In a longish Preface, Murray can't help but put the knife into Authority: when there is a tacit understanding among public men that Government must be carried on by an organised system of falsehood, deceit, and injustice... nepotism and patronage are at the bottom of it. Are you listening Victoria? After all, it is your Government. Murray bemoans the fact that I have written these lines with all the sad and yearning love which an exile feels towards his country. I have suffered twelve years of banishment. However, from this rather bitter harangue, comes a first Volume devoted to distinguishing between the various types of Flirts, whom the author appears to have studied in passionate detail!

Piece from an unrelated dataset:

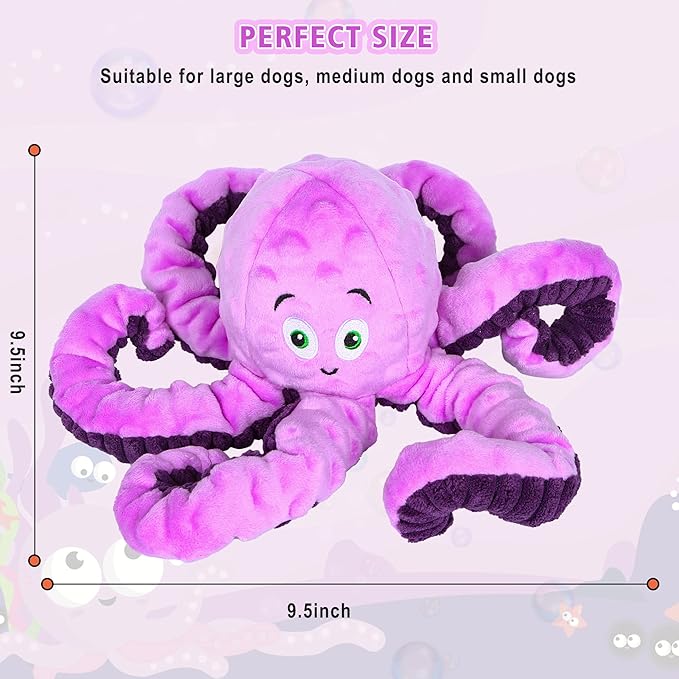 Dog Squeaky Toys Octopus - Tough Plush Large Medium & Small Dog Toys - Stuffed Animals Puppy Toys - Funny Cute Dog Toy for Dog Birthday Presents (Octopus Purple)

Here are a few extracts, which give a flavour of the volume as a whole.

About Flirts in general:
A girl is a Flirt who exchanges a coy glance with a middle-aged eligible bachelor who picks up a glove she has dropped; she is something worse than a Flirt - a minx - if she makes herself pleasant to another girl's betrothed.
Women are less able than men to live without admiration, and have less other work in life than the labour of securing praise.
...the first-class Flirt cares not a pin for scorches. She is the salamander who lives in the fire. Sparks fly round her and she revels in them...
The Flirt's power:
The goal of woman is marriage, and flirting is to girls a means of reaching the goal; in the case of married women it is a pastime, a consolation, or a vengeance...flirting is flattery in action...
The girl smiles...grizzled veterans, whose breasts are covered with medals, nudge each other at her approach; and sundry old ladies, with mortally plain daughters, eye her with that stony stare which, when it is levelled by woman at woman, is as good as purest incense.

And so Murray goes on, with sections on The Flirt who has Plain Sisters; The Ecclesiastical Flirt; Regimental Flirts; The Seaside Flirt (including the one-month-a-year Flirt [who] has a keen eye for the names on the visitors' list of the seaside town to which she resorts); The Studious Flirt - many of whom patrol the British Museum!

Over one hundred pages are devoted to Flirts embedded with those On Her Majesty's Service - whose targets are Attachés, Consuls and Vice-Consuls, Ambassadors and Interpreters. The final section is headed Semi-Detached Wives, where the contents may well have occasioned both most mirth and most anger. Murray begins with the Semi-detached Wife is a lady whose husband exists, but not for her. He may be in prison, or mad, or playing truant...the Semi-detached Wife is an 'acting' widow, but without widow's rank or privileges. Much of the book is very droll and I found myself smirking and mildly chuckling on several occasions. However, to sustain such a myopic Aunt Sally for over 300 pages is really beyond any author, and Murray's shafts become rather repetitive, somewhat tiresome and even bordering on the misogynistic.

The book was much enhanced by the scores of illustrations - redolent of Punch, The Illustrated London News, The Graphic and The Girls' Own Paper. i.e. very nineteenth century.